One of the perks of being a spaceman (besides, you know, going to space) is apparently being on a first-name basis with a dude who only needs a first name.
"I actually talked to Bono last week—he sent me a quick email," the astronaut said, flipping through his iPhone before realizing my prying eyes were desperately trying to catch a glimpse of his A-list address book.
Mark Kelly is undoubtably one of the most renowned and respected astronauts of the modern-era, and last month I had the pleasure of catching up with him at the NYC Explorers Club after a lengthy Q&A Forum hosted by our friends at Breitling. So blast off with me (...not like that) into the life and mind of a professional Space-traveler, one of the golden few who truly exude the "Right Stuff." Needless to say, he's OUT OF THIS WORLD (sorry).
"The space shuttle is still an experimental vehicle. Even though it flew over 30 years, it only flew 135 times. As a test pilot I get that. I know there’s incredible risk involved...At the end of the day, NASA said it was a one in 57 risk of dying and losing the vehicle in every space shuttle flight. The numbers kind of show that. It’s almost as dangerous as storming the beach at Normandy on D-Day."
Despite the odds, Mark made it clear that the benefits reaped from his missions were well worth the lingering potential for disaster, in his mind.
"You evaluate the risk and the reward. For me, it’s not really the reward for me personally, but what does it do for our country, for our space program, for society. I think the reward is pretty incredible."
On aliens and Area 51...
"UFOs. Buzz Aldrin said he saw something.... If there are aliens out there, we certainly do not want them to be visiting us because it usually doesn’t work out well for the less developed society... I think there’s probably life all over the universe, but it’s probably green and in a pond. Probably a lot of it is what we call pond scum. I mean, I’m not too worried.
And on the infamous Area 51, from someone who has been in space (and the Air Force, too): "I’ll tell you, Area 51— I know what goes on there, and it has nothing to do with aliens."
NASA said it was a 1 in 57 risk of dying in every space shuttle flight.
On his twin brother, Scott (also an astronaut) and the greatest practical joke that never was...
You thought the Manning brothers had killer genes? Mark and his twin brother Scott were set to become the first relatives in space simultaneously, until Mark's mission to the International Space Station (where Scott was Commander) slipped. History aside, it was probably for the best, as the Kelly bros had a devious plan up their puffy, pressurized space-sleeves...

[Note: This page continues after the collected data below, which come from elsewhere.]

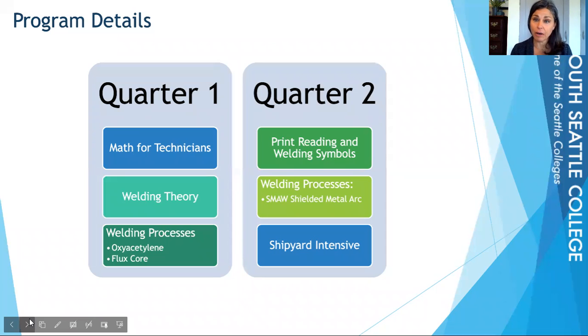In the first quarter, you're going to learn about math for technicians — math that's specific to what you need to succeed in the field, such as measuring arcs. You're also going to learn about welding theory, meaning when you would use what weld on what. There are all sorts of different types of welds, metals, and applications. The hands-on processes you'll learn that quarter are oxacetylene and FlexCore.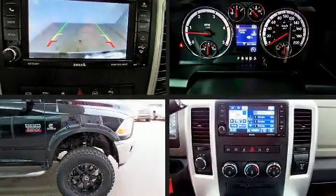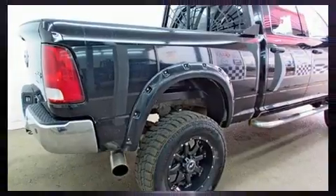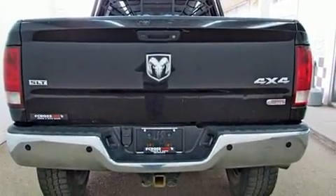Treat yourself to a test drive in the 2012 Ram 3500. Under the hood, you'll find a six-cylinder engine with more than 300 horsepower, providing a smooth and predictable driving experience. Four-wheel drive allows you to go places you've only imagined.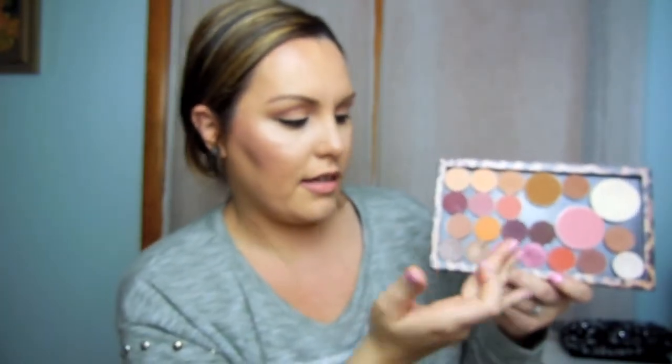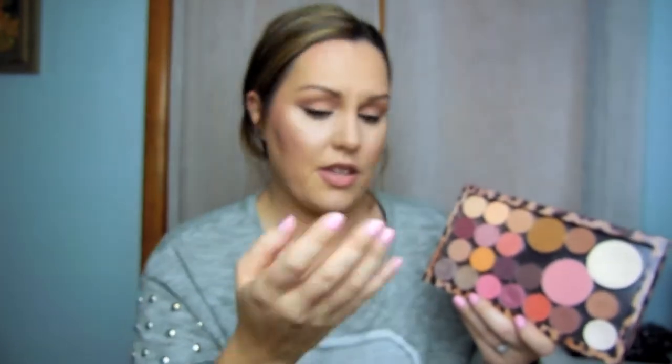I jumped on the Makeup Geek bandwagon. These three on top and this yellow one are Makeup Geek — my favorites being Chickadee, Cupcake, and Bitten. These are going to look phenomenal for fall as well. Mango Tango is also a really good one. They're kind of powdery but the quality is amazing — they blend like a dream. The hype is real about them, I totally agree.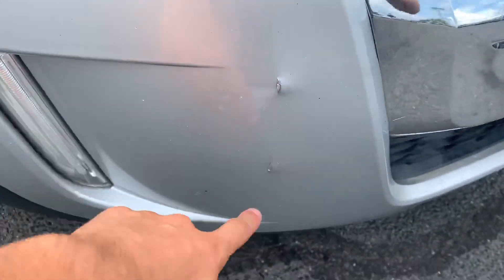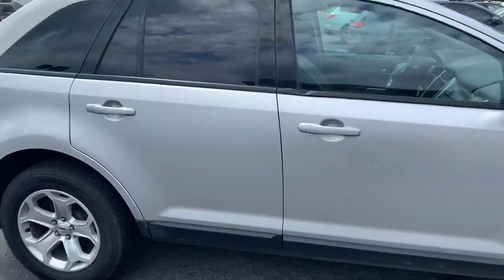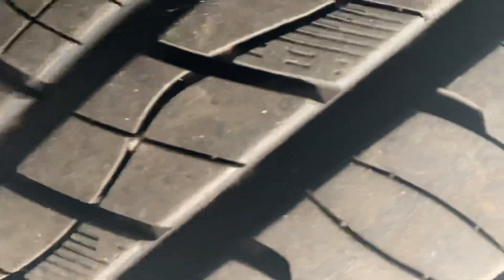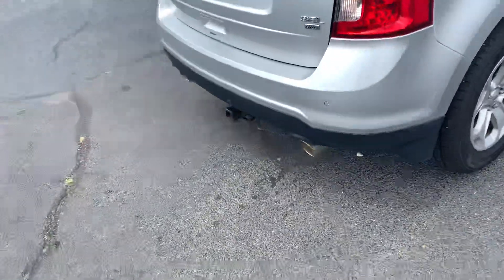It looks like a little indentation right there on the left side of the bumper. Tires are in pretty good shape — they have a lot of life left on them, far from bald.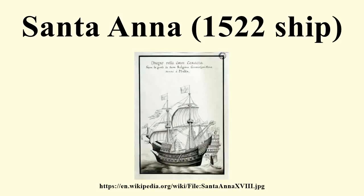Santa Anna was an early 16th-century carrack of the Navy of the Knights Hospitaller. The warship was celebrated for her many modern features. While some authors view her lead-sheathed hull as an early form of ironclad, others regard it primarily as a means to improve her watertightness.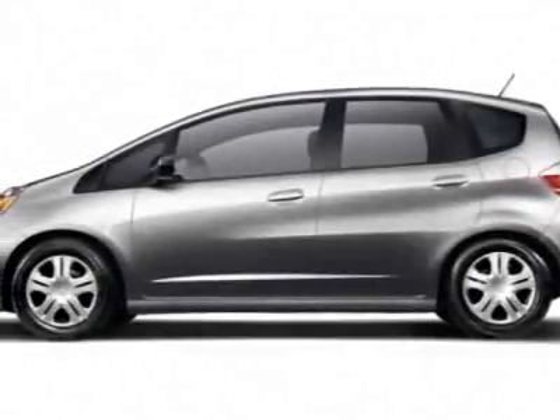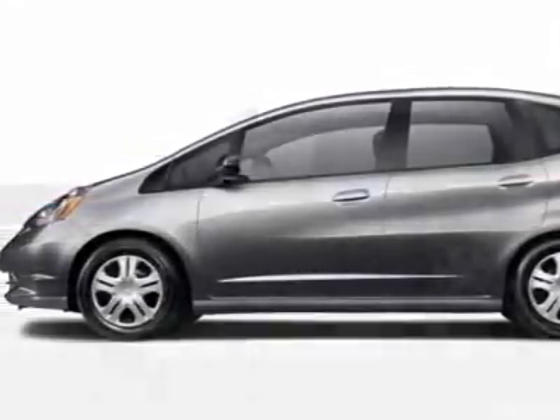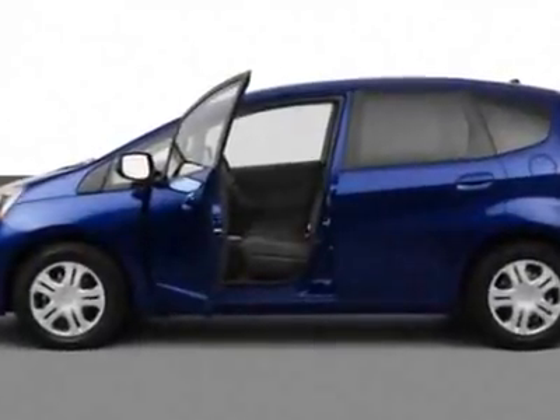Check out this new 2011 Honda Fit. For your protection, this vehicle has a full factory warranty.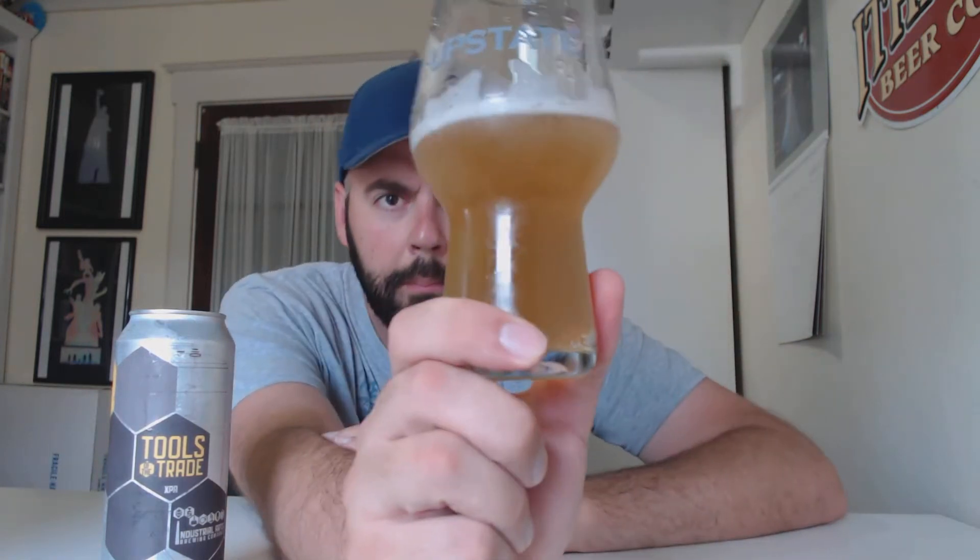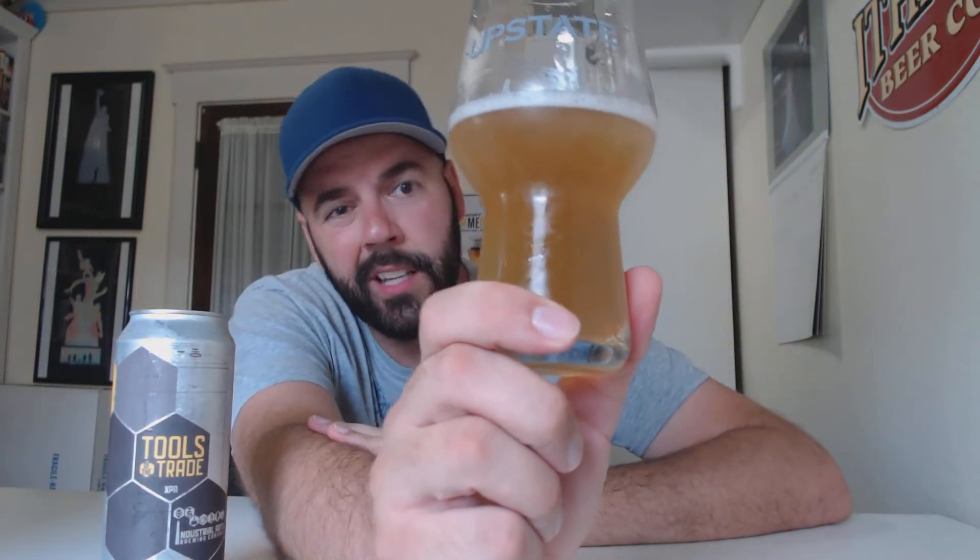It definitely looks like a light beer, almost like a Pilsner really. But definitely I can see how it's a pale ale or extra pale ale. The head went away pretty quick. Carbonation is decent.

"I was going to shave off my mustache. We were going to have a fake one for him. We were going to switch shirts, and then I was going to get back into the space shuttle. NASA mission control was going to think that we switched. I tell you, it would have created chaos."
On Richard Branson and the future of commercial space travel...
"I know Richard well...the guy’s a visionary...People were somewhat critical of Richard Branson because [Virgin Galactic] seems like a joyride for rich people up into space, people that have a lot of money....That’s not why he’s doing this. He did not start a space tourism company just to take people up 60 miles and straight back down....We really need people like him to do these kinds of hard things and push the envelope. If we don’t take chances and we don’t risk things and we don’t explore and we don’t push the envelope, we don’t advance. We’ll just be where we are today, 50 years from now."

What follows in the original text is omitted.